Le laboratoire de l'université de Bologne regorge d'animaux empaillés : sangliers, loutres, rapaces, perdrix et tétras. Presque tous ont été collectés et préparés par Delogu lui-même, dans le cadre d'une chasse aux merveilles de l'Arche qui avait déjà commencé sur les bureaux des écoles primaires. Parfois, cela indique des espèces disparues ou en voie de disparition qui étaient répandues lorsqu'il était encore adolescent. « Regardez ce papillon sur le babillard, il s'appelle Zerinzia. Il vit exclusivement sur une herbe de fossé appelée Aristochia. Si elle se reproduit avant l'apparition de l'herbe, les chenilles ne trouvent plus de nourriture et l'espèce disparaît. » Il ajoute : « Cela fait un effet de pointer du doigt quelque chose qui n'existe plus. Ces babillards sont remplis d'animaux qui n'y arriveront pas. »
La mutation dure depuis des années. En hiver, les canards et les oies de Sibérie ne descendent plus dans les Pouilles mais font escale en Pologne et en Allemagne. Les perroquets verts ont envahi l'Italie et avec eux le papillon monarque d'Afrique du Nord. Les tortues, les barracudas, les balistes et autres espèces proviennent de la mer Rouge. Les gens disent : on s'en fout. Et il se trompe. Sans nouvelles barrières climatiques, de nouvelles espèces peuvent être porteuses de virus tropicaux et nous attaquer. Le barracuda peut faucher le poisson bleu qui fait partie de notre alimentation depuis des millénaires. « Avoir un papillon monarque à côté de nous, c'est exactement comme trouver un zèbre à Milan. »
Cet hiver sans neige expose la perdrix blanche et le lièvre blanc à la capture de prédateurs. Leur couleur de camouflage, acquise il y a des milliers d'années, est devenue un phare implacable depuis quelques années. Le blanc sur fond gris ou brun se distingue sur des kilomètres. Les chasseurs le savent, tout comme le Faucon pèlerin.

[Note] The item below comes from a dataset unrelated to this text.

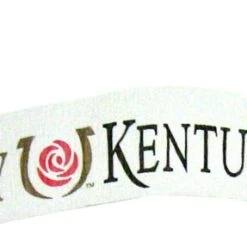 Westrick Horse Racing Decor And Accessories Kentucky Derby Icon Streamer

S'il aperçoit un pigeon blanc au milieu d'un troupeau d'une autre couleur, il attrapera ce pigeon et pas les autres. Depuis le Moyen Âge, les nobles dressaient leurs fauçons en utilisant le pigeon blanc comme proie.

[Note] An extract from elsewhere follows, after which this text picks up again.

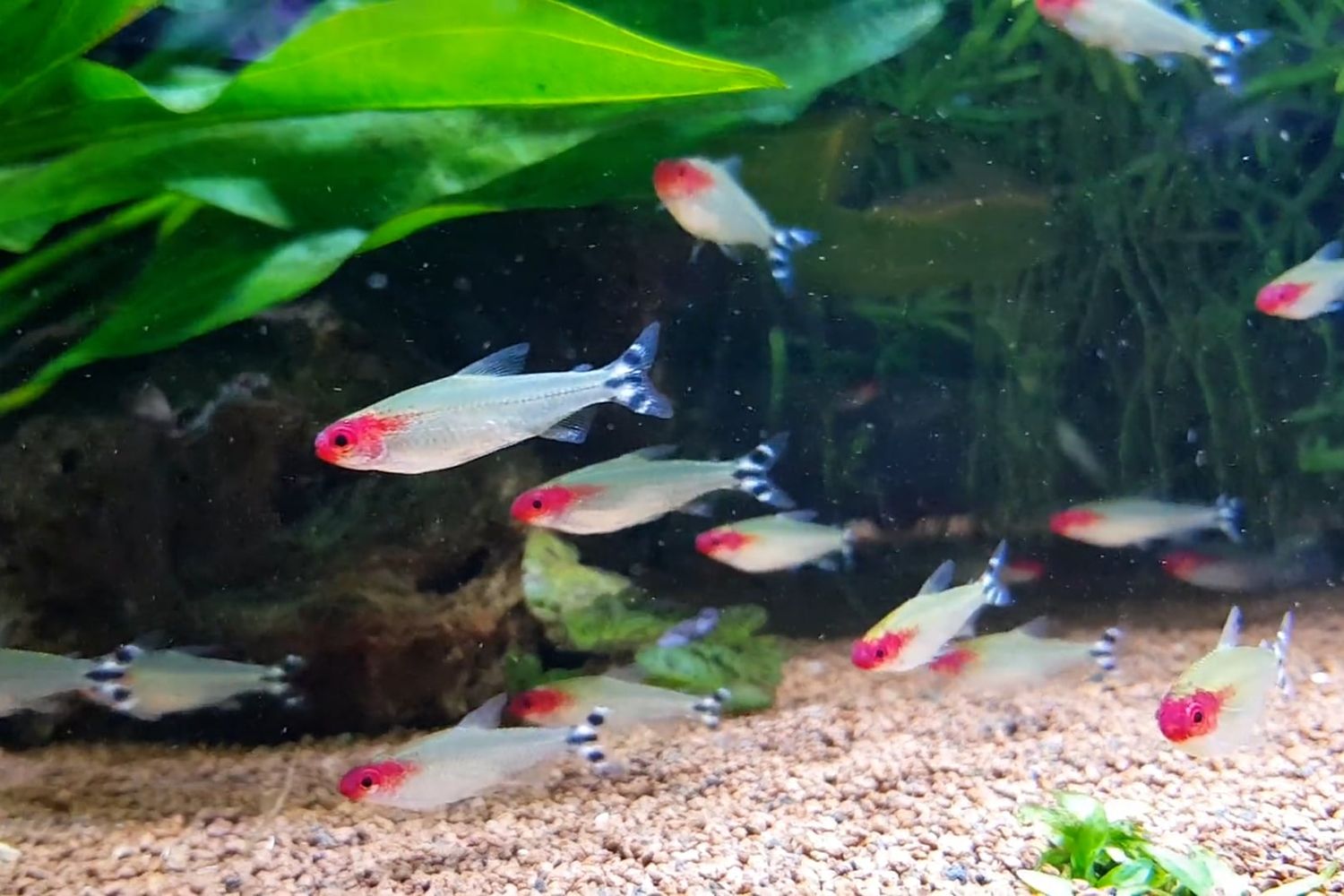 Trera Fish Tetra Fish Videos, Download The BEST Free 4k Stock Video Footage ...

L'horloge de la nature est inclinée. Des oiseaux tels que les martinets, de purs insectivores, arrivent en Italie avant qu'il n'y ait des insectes à manger. « L'année dernière, à Bologne, explique Delogu, nous avons ramassé des centaines de bâtons dans les rues. » Pendant ce temps, dans cette catastrophe, les animaux les plus adaptables émergent. Les souris. Des étourneaux, qui mangent de tout. Les goélands royaux, qui font la fête dans des décharges jusqu'à 2500 mètres d'altitude. Delogu caresse ses peluches et sourit : « Nous y sommes jusqu'au cou. Et qui sait si un jour, dans quelques siècles, un astronaute viendra sur la planète et indiquera sur un babillard, parmi les espèces disparues, ne serait-ce que l'un d'entre nous ».